Here is a short primer on the issue:
What is the antitrust exemption?
Insurers are among a handful of industries, including Major League Baseball, that have a special exemption from federal antitrust laws.
The McCarran-Ferguson Act gives states the power to regulate the “business of insurance,” granting insurers a limited exemption from federal antitrust scrutiny. Insurers, for example, under the federal antitrust exemption may be able to meet, share information and agree on pricing for premiums, but experts say that most states prohibit that practice.
The law does not bar the federal government from regulating the insurance industry entirely; the Federal Trade Commission and the Department of Justice are responsible for antitrust enforcement involving mergers and acquisitions.

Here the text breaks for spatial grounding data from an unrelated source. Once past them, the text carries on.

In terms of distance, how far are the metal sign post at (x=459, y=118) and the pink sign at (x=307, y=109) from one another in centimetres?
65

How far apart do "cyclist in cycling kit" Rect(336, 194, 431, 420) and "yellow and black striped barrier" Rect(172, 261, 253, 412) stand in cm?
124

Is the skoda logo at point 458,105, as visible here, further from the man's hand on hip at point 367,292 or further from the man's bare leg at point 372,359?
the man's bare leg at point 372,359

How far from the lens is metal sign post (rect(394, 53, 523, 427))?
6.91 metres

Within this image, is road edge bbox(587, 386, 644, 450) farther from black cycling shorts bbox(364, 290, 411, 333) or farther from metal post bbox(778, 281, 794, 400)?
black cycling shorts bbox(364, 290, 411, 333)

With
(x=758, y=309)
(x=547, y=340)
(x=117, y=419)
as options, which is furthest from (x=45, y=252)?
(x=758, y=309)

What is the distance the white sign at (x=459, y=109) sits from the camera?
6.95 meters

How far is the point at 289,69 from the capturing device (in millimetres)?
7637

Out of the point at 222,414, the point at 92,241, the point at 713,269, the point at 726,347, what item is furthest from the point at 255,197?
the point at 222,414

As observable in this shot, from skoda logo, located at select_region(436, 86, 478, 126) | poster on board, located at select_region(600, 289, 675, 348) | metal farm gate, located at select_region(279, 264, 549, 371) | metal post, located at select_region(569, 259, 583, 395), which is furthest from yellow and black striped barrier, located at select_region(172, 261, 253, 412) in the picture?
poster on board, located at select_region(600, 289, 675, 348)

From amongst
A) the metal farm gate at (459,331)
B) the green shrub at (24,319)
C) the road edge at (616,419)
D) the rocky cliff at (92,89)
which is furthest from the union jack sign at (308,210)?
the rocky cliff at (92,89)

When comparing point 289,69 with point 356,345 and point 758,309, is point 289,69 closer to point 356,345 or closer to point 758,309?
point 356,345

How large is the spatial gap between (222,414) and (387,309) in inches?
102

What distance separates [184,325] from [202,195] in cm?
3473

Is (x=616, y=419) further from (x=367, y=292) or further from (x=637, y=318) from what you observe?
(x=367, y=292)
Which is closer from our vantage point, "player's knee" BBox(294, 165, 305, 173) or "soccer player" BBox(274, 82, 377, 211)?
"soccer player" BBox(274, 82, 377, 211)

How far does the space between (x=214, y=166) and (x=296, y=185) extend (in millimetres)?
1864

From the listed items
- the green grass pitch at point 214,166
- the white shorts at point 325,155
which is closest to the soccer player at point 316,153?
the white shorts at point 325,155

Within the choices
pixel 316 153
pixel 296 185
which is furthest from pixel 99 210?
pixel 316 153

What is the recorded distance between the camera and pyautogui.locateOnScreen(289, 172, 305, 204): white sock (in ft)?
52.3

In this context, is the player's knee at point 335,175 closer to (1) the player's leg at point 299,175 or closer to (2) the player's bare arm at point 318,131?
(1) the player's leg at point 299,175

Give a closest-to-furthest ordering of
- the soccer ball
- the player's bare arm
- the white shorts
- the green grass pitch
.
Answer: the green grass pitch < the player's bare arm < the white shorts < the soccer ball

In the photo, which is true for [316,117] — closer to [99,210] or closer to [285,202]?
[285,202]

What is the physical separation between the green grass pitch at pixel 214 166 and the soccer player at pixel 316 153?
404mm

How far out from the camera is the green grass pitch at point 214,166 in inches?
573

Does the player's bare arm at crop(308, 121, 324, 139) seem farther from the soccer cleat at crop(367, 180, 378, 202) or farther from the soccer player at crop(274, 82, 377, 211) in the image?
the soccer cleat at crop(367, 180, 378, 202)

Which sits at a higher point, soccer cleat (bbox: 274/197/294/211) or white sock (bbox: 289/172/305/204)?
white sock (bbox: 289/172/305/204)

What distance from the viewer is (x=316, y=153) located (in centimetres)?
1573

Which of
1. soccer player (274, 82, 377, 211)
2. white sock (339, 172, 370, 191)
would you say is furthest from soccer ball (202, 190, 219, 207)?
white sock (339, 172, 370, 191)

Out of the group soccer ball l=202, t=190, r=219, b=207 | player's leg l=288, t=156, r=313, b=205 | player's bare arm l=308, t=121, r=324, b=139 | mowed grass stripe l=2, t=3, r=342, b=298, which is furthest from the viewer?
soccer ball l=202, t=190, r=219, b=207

How is the antitrust exemption used?
Currently, all types of insurance have the antitrust exemption. Some lines of insurance, such as some property and casualty insurance, have historically formed organizations called rating bureaus that collect and pool claims data from different companies. This information allows insurers to more accurately predict how much they might end up paying out to customers and even set premium rates together.
But because health insurers tend to be large, and health risks tend to be fairly well-known and predictable, the health insurance industry doesn’t share premium rate information about customers, says Art Lerner, who is co-chairman of the health care practice at Crowell & Moring, a Washington law firm. Lerner used to direct the FTC’s health care antitrust program.

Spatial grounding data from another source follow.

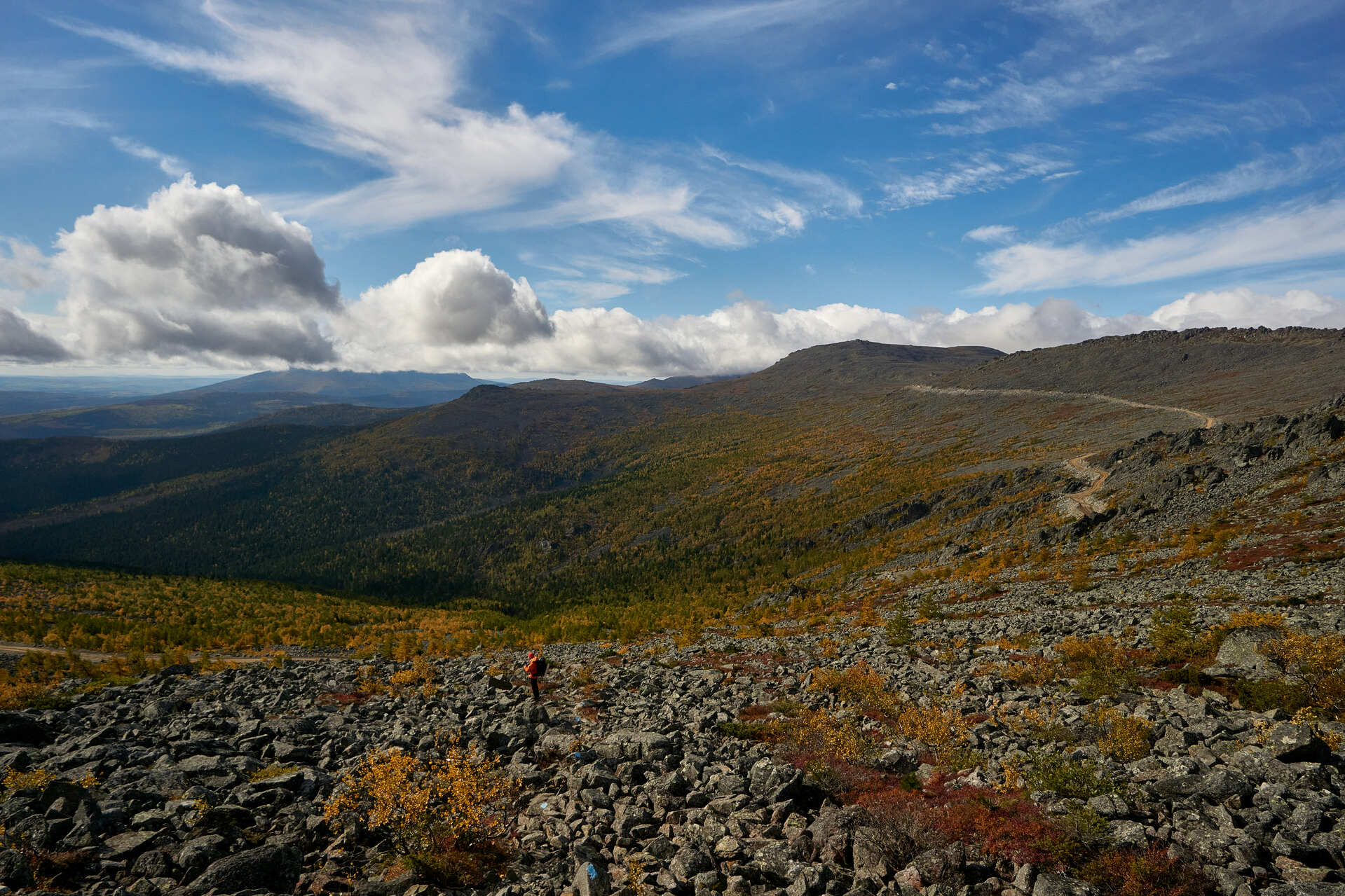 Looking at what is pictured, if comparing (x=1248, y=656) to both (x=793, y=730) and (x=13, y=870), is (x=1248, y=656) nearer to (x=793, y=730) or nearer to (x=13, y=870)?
(x=793, y=730)

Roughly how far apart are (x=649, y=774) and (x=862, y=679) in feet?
27.4

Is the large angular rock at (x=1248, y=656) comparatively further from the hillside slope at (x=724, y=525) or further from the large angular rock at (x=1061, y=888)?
the hillside slope at (x=724, y=525)

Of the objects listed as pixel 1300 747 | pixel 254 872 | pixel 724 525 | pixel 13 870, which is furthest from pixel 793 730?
pixel 724 525

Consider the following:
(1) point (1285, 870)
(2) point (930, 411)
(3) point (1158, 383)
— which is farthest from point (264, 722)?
(3) point (1158, 383)

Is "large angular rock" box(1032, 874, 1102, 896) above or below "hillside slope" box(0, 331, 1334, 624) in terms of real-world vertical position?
above

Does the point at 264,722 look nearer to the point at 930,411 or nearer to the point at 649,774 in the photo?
the point at 649,774

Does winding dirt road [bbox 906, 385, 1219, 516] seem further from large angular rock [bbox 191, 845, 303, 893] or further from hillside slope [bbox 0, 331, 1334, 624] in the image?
large angular rock [bbox 191, 845, 303, 893]

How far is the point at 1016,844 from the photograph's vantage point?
738cm

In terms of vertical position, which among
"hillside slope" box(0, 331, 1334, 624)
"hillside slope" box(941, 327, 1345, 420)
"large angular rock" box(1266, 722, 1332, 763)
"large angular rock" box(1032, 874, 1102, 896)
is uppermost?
"hillside slope" box(941, 327, 1345, 420)

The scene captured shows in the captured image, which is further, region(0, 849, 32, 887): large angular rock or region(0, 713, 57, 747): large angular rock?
region(0, 713, 57, 747): large angular rock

Harrington noted that some regions are dominated by one or two insurers but said that has little to do with the McCarran-Ferguson exemption and much to do with how federal and state officials have enforced mergers and acquisitions. (The Government Accountability Office updated an earlier report on insurance market competitiveness on Feb. 27, 2009).
Randy Stutz, a research fellow at the American Antitrust Institute, a nonprofit advocacy group that favors stricter antitrust enforcement, said it’s difficult to know whether insurers are engaging in behavior that would violate federal antitrust laws because “collusion is inherently secretive in nature,” adding, “You sort of have a Catch-22.”
He said that there isn’t evidence of illegal activity. Still, he said, federal antitrust laws have become more flexible since the enactment of McCarran-Ferguson, so the exemption for insurers is no longer needed for them to share historical data.
“The activities that McCarran was probably designed to protect are likely already allowed under the federal antitrust laws,” he said.
What would happen if the exemption were repealed?
An analysis by the Congressional Budget Office estimated that repealing the antitrust exemption for health insurers “would have no significant effects on either the federal budget or the premiums that private insurers charged for health insurance.” The CBO found that premiums might increase or decrease, “but in either case the magnitude of the effects is likely to be quite small.”
Defeating the bill is not a top priority for America’s Health Insurance Plans, the health insurance industry’s top trade association; officials said the legislation targets a problem that does not exist. But they say they are worried that any repeal could lead to an increase of lawsuits because lawyers may jump to challenge insurer practices that may be legal even without the exemption.
But J. Robert Hunter, director of insurance at the Consumer Federation of America and a former federal insurance administrator, said repealing the law could have an enormous impact on how insurers do business. He cited a recent case in New York where insurers were sharing pricing information on out-of-network procedures. “That wouldn’t happen without an antitrust exemption,” he says.
David Balto, a senior fellow at the Center for American Progress, a left-leaning think tank, and a former policy director of the FTC’s Bureau of Competition, said it’s important for the federal government to take a more active role in regulating insurers because state regulation has been uneven. “Less than a third of states have brought consumer protection actions against insurers,” he said.
Balto added that ending the antitrust exemption is long overdue. “There’s no industry where competition is so clearly vanquished as in health insurance industry,” he said.